Everything from the line with "Image of a gold" through the final line of the listing below must be retyped exactly, apart from the pictures.
Data to examine section start
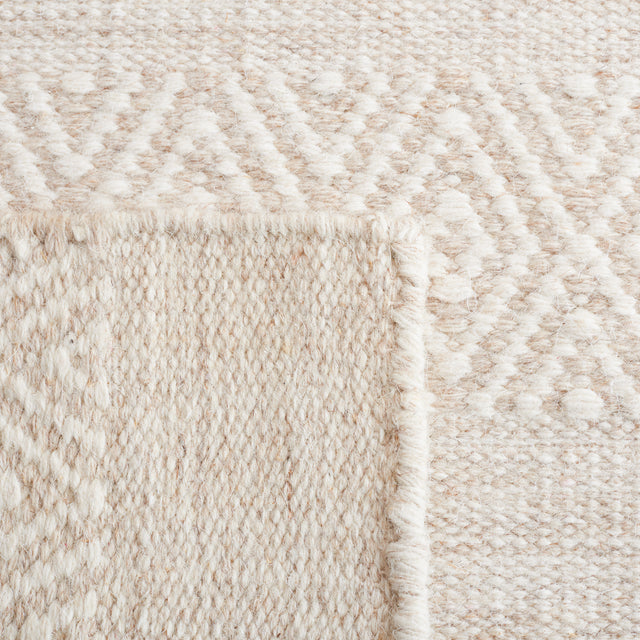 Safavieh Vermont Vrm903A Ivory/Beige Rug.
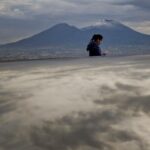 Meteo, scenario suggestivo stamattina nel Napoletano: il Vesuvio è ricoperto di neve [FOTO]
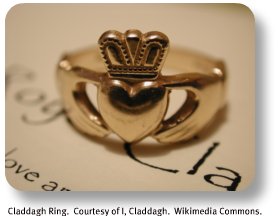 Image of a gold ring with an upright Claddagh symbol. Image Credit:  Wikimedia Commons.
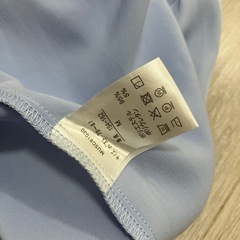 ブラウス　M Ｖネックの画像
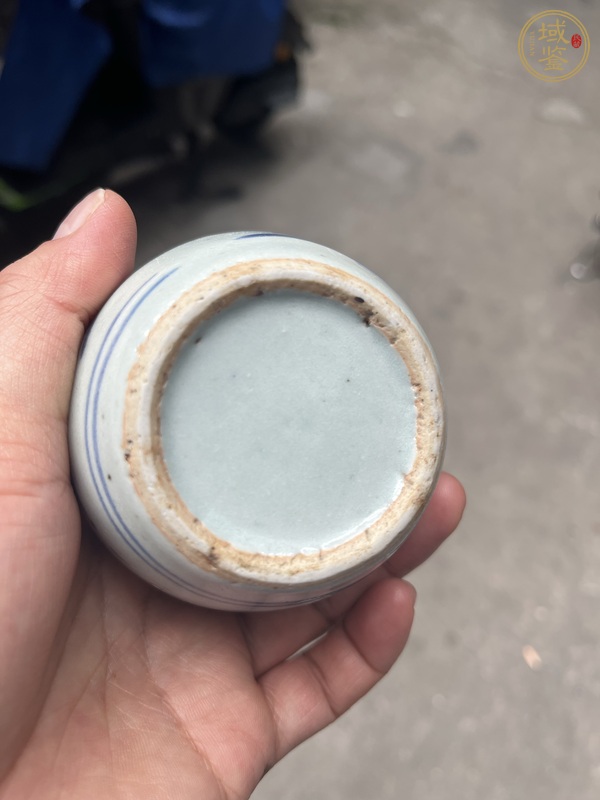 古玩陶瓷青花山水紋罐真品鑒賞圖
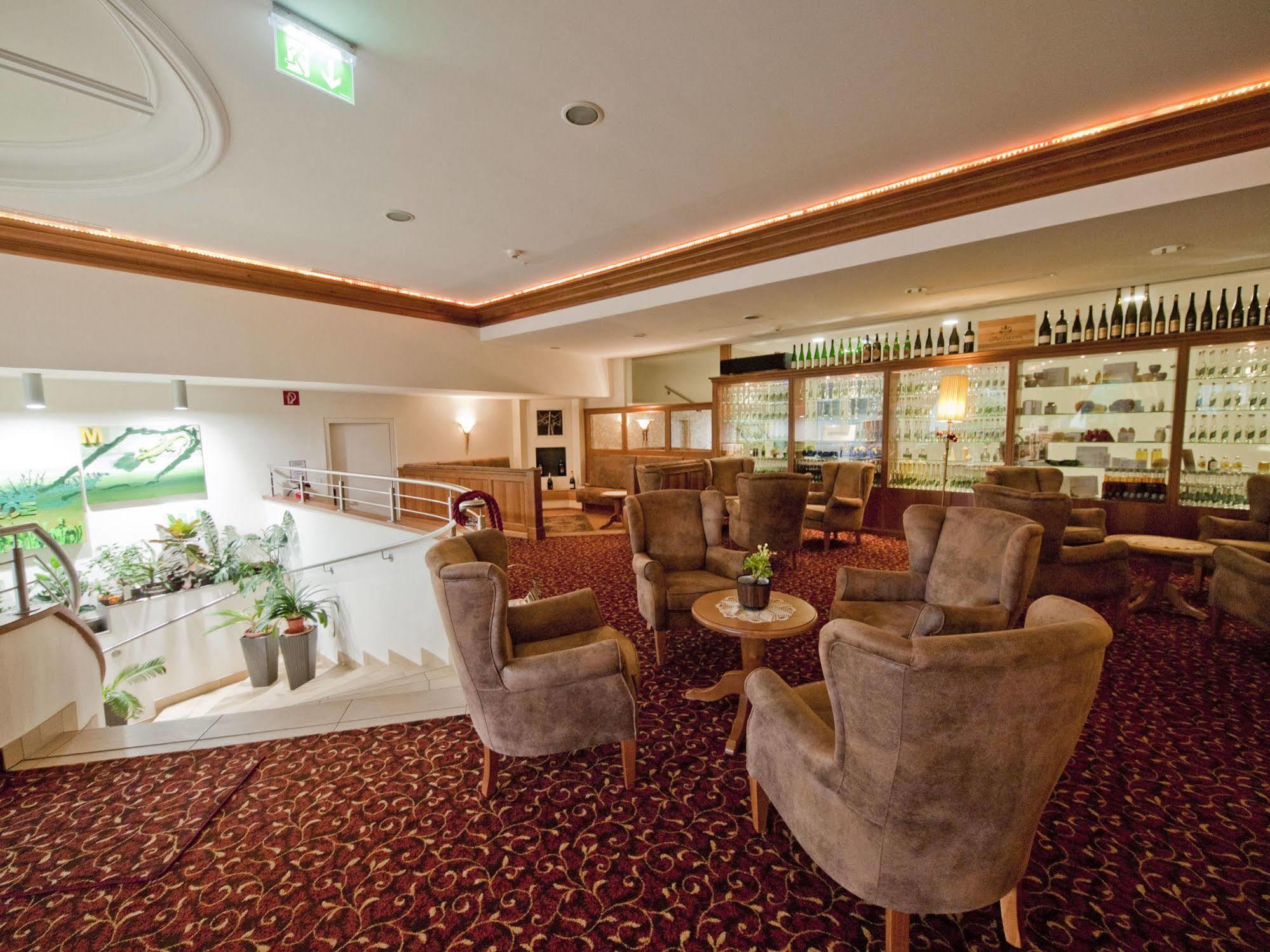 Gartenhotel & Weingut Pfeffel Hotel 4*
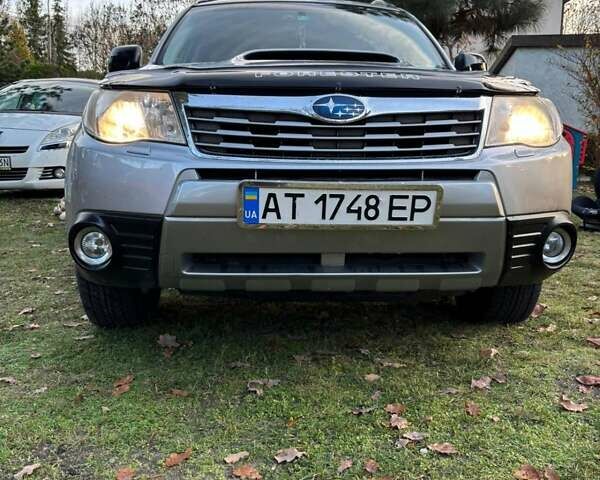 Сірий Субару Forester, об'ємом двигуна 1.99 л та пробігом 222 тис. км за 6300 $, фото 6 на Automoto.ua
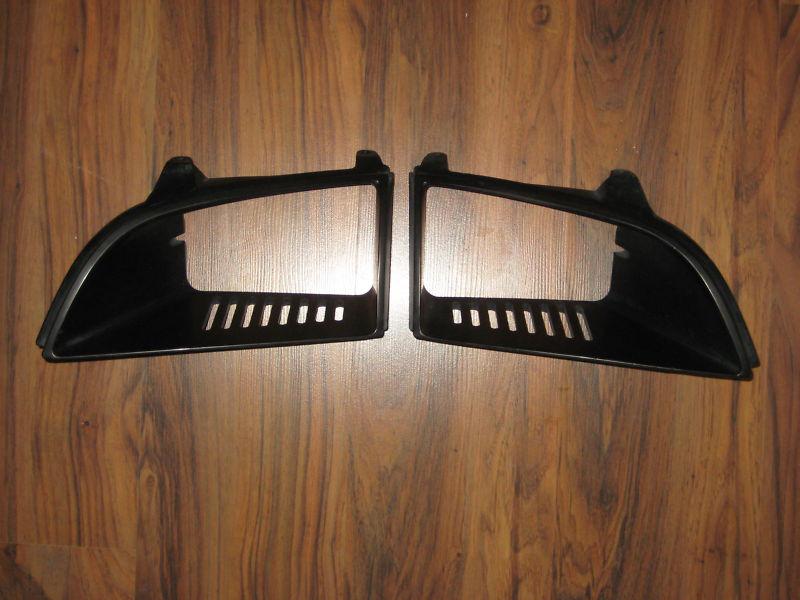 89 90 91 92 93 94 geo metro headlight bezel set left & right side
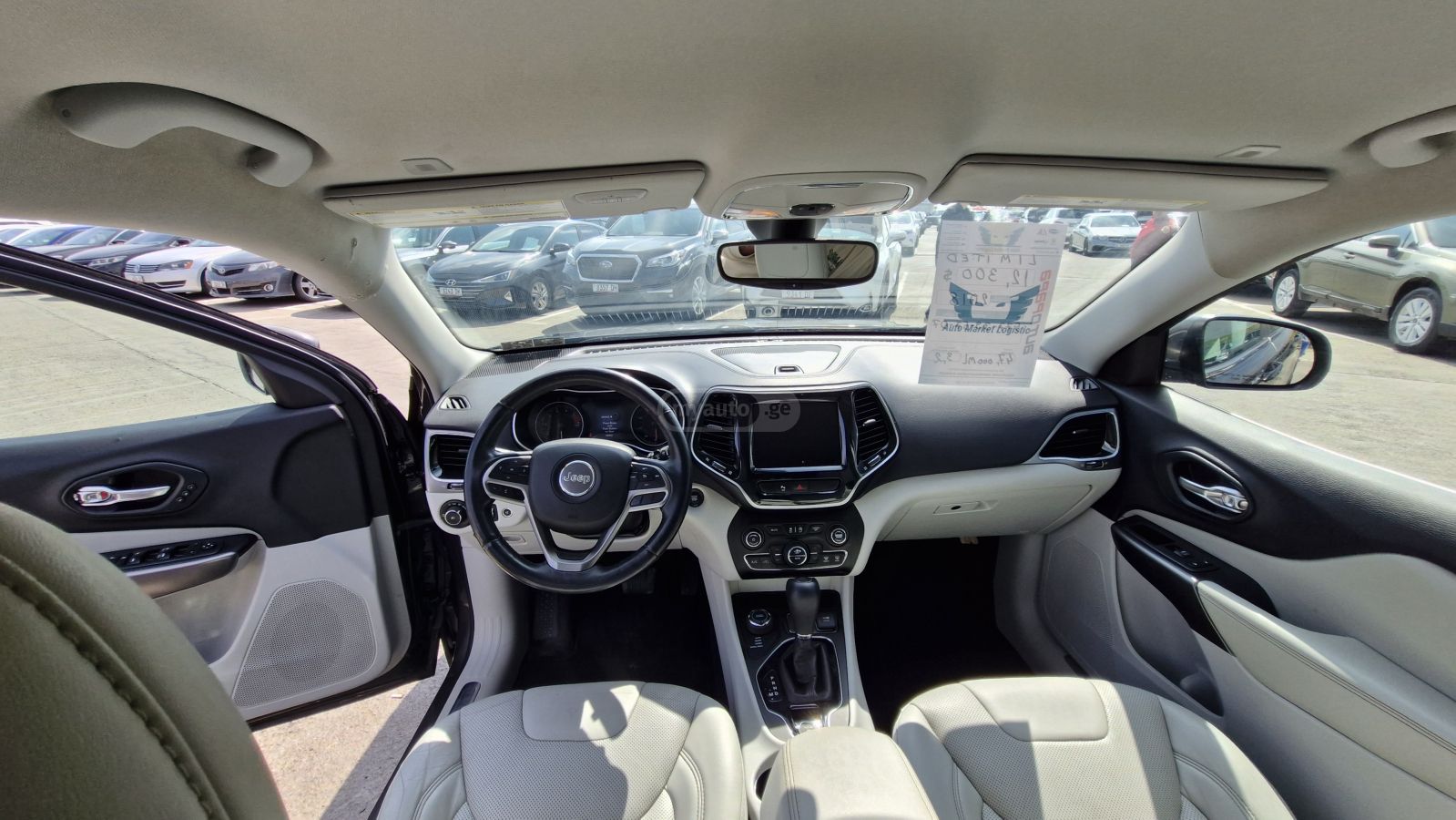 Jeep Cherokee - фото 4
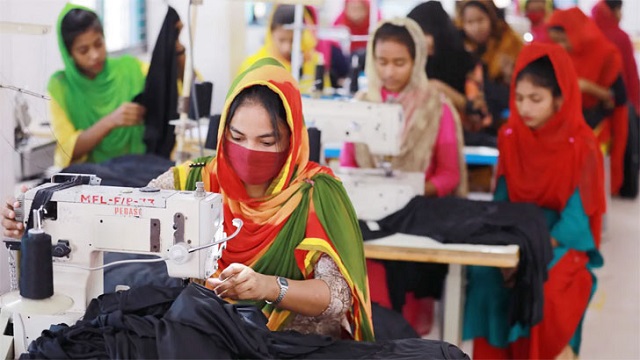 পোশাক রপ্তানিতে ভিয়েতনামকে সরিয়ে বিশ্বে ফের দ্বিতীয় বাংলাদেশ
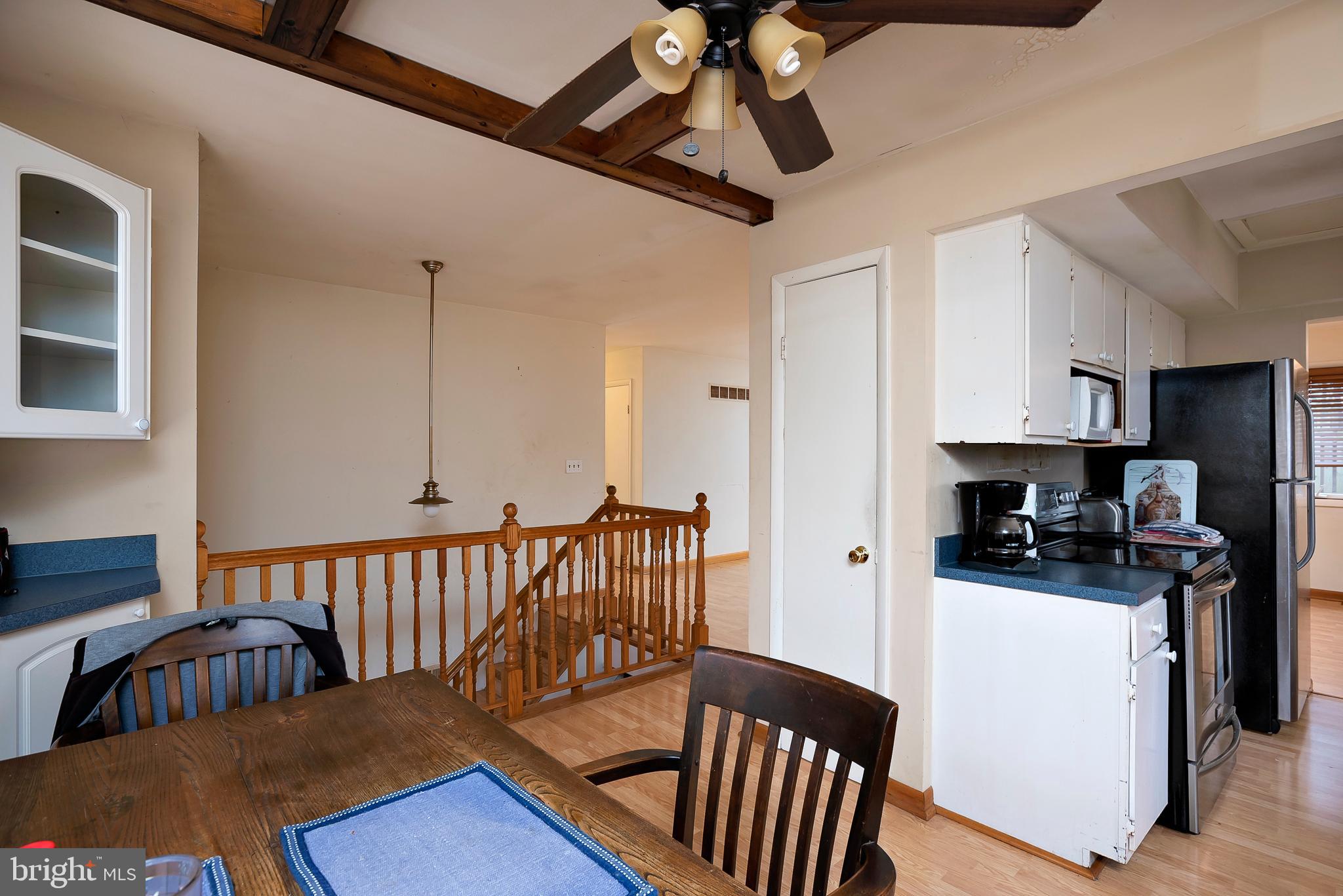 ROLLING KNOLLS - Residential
Data to examine section end
— Task answer —
 Image of a gold ring with an upright Claddagh symbol. Image Credit:  Wikimedia Commons.
 ブラウス　M Ｖネックの画像
 古玩陶瓷青花山水紋罐真品鑒賞圖
 Gartenhotel & Weingut Pfeffel Hotel 4*
 Сірий Субару Forester, об'ємом двигуна 1.99 л та пробігом 222 тис. км за 6300 $, фото 6 на Automoto.ua
 89 90 91 92 93 94 geo metro headlight bezel set left & right side
 Jeep Cherokee - фото 4
 পোশাক রপ্তানিতে ভিয়েতনামকে সরিয়ে বিশ্বে ফের দ্বিতীয় বাংলাদেশ
 ROLLING KNOLLS - Residential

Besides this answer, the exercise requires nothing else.